In May this year, I underwent a procedure called deep brain stimulation. The neurosurgeons placed two electrodes in my brain that then permanently stimulate the affected area. The operation took eight hours and I was awake for most of it. It’s a very strange feeling to be reciting the days of the week knowing that your skull is open! I’m immensely grateful to the doctors. When they turned on the stimulator that evening the tremor disappeared. It’s a whole new lease of life. I can sometimes even forget that I have PD. Until of course I have to charge the battery of my stimulator! The kids laugh at me sitting on the couch with a charger around my neck.

I am convinced that we would all benefit if people affected by diseases were involved in all aspects, from research to therapy to finding a cure.

You have become very involved in patient advocacy.

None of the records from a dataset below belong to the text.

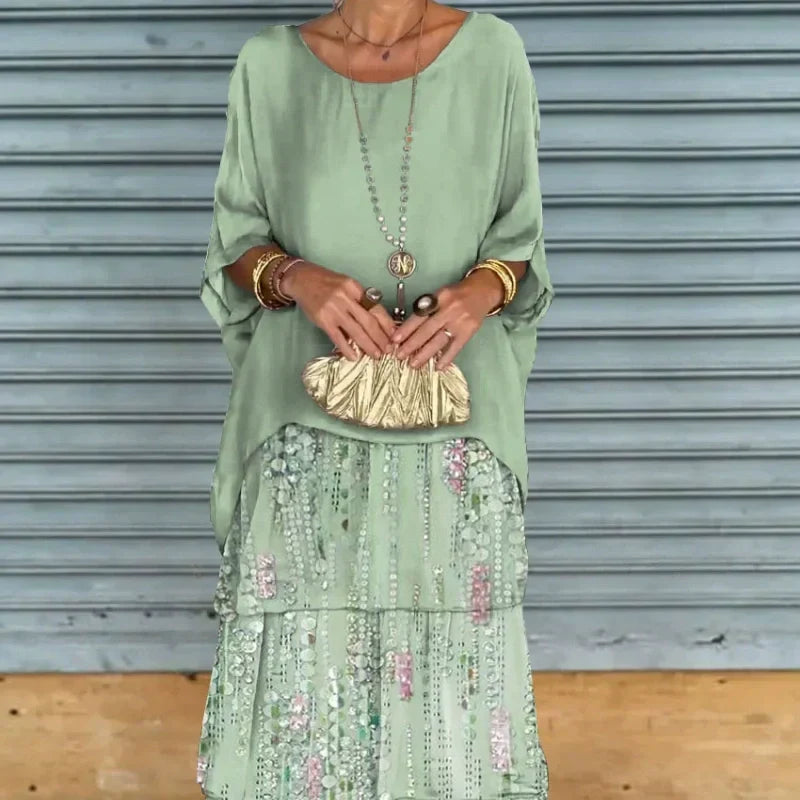 💐Elegant Round Neck Mesh Floral Layered Dress🔥✨Exuding Elegance And Charm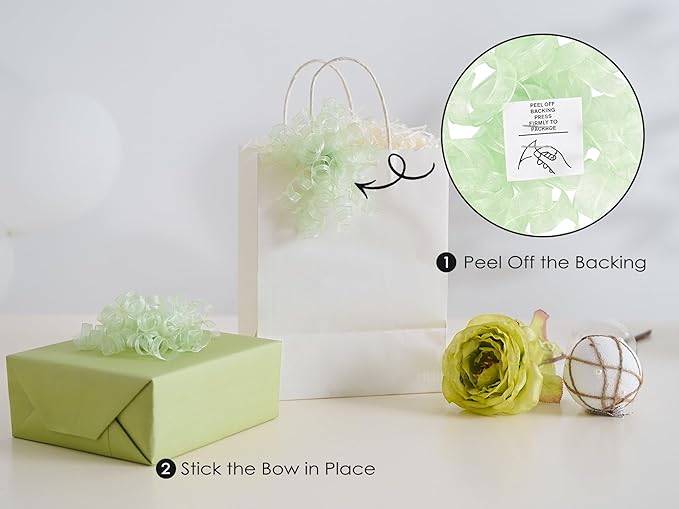 HUIHUANG Curly Bows for Gift Wrapping Sage Green Gift Bows 5 inch x 8 Counts Self-Adhesive Curly Ribbon Bow for Presents, Treat Bags, Baby Shower Favors, Wrapping Accessories, Party Decor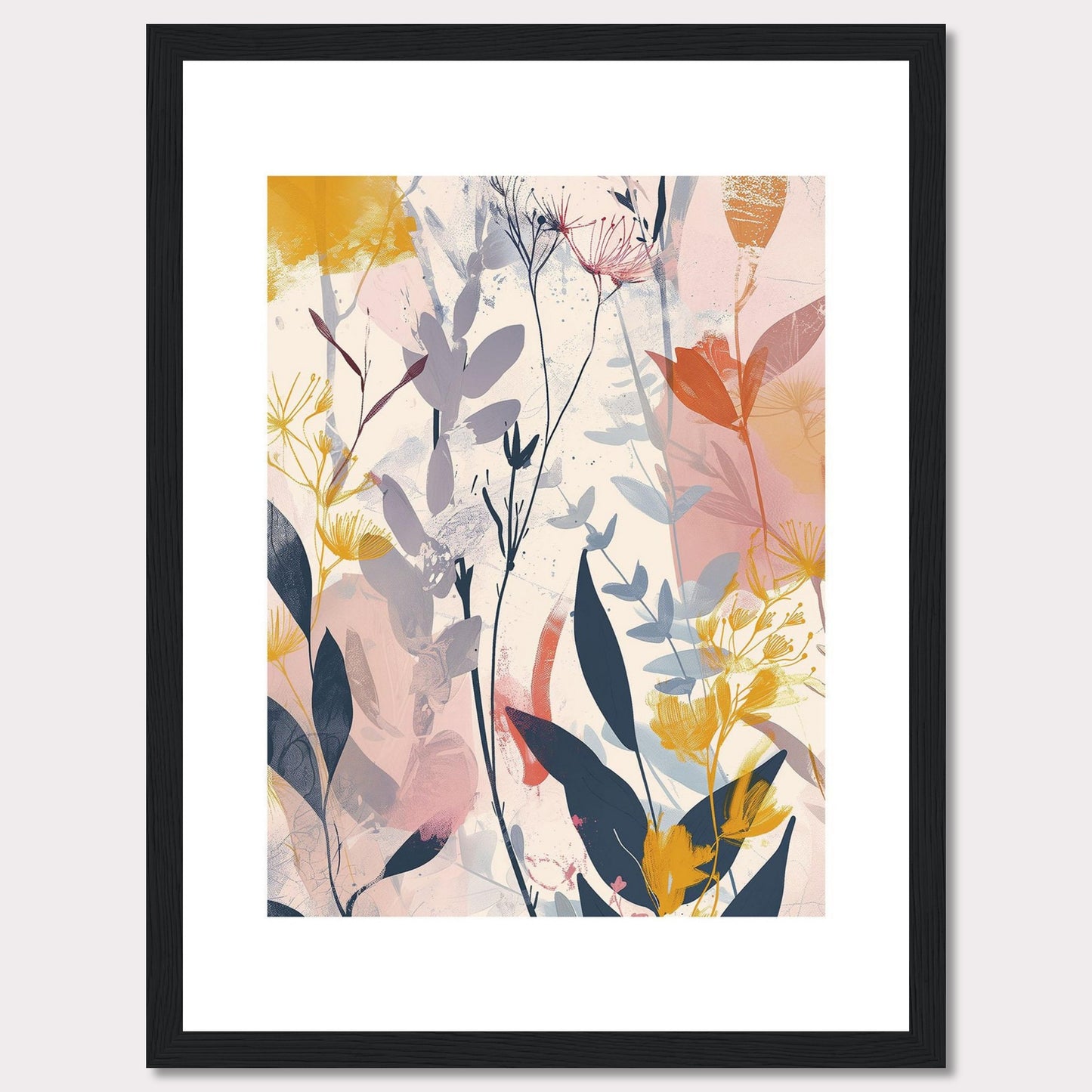 This image showcases a beautiful abstract botanical art print. It features a blend of soft and vibrant colors, depicting various plant forms and leaves.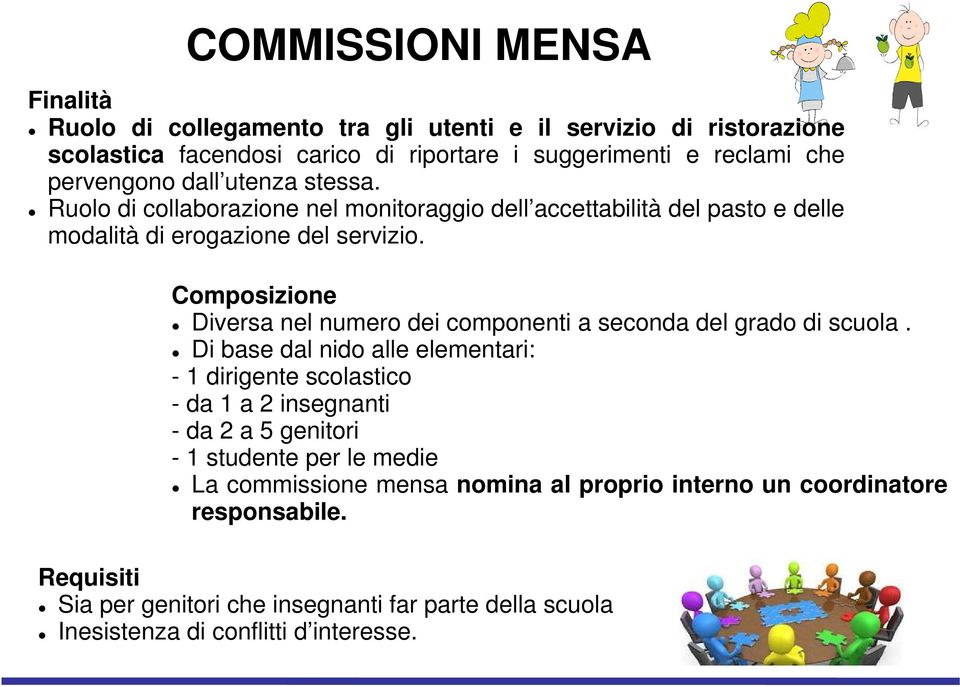 Requisiti COMMISSIONI MENSA Composizione Diversa nel numero dei componenti a seconda del grado di scuola.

What were some of your most important projects?

I speak as often as possible at conferences about the patient perspective. I am convinced that we would all benefit if people affected by diseases were involved in all aspects, from research to therapy to finding a cure. There was one conference in particular in Barcelona where I spoke in front of people involved in clinical trials. To them, patients are – understandably – often statistics. I got amazing feedback thanking me for reminding them why they do what they do.

You will now take on a new role at the Yuvedo Foundation. Can you tell us a bit about the organisation and your responsibilities and objectives?

I met one of the founders of Yuvedo, Jörg Karenfort, through a mutual friend and was immediately impressed by his determination and his energy. The Yuvedo Foundation has two goals: to care and to cure. We want to help accelerate the search for a cure for Parkinson’s and help those affected by Parkinson’s to live better lives until a cure is found. My role is International Relations; to reach out to as many people and organisations as possible worldwide to generate support.

Statistically, one in 15 people reading these lines will develop Parkinson’s in their lifetime. That’s a shocking figure. We need a cure, not just treatment.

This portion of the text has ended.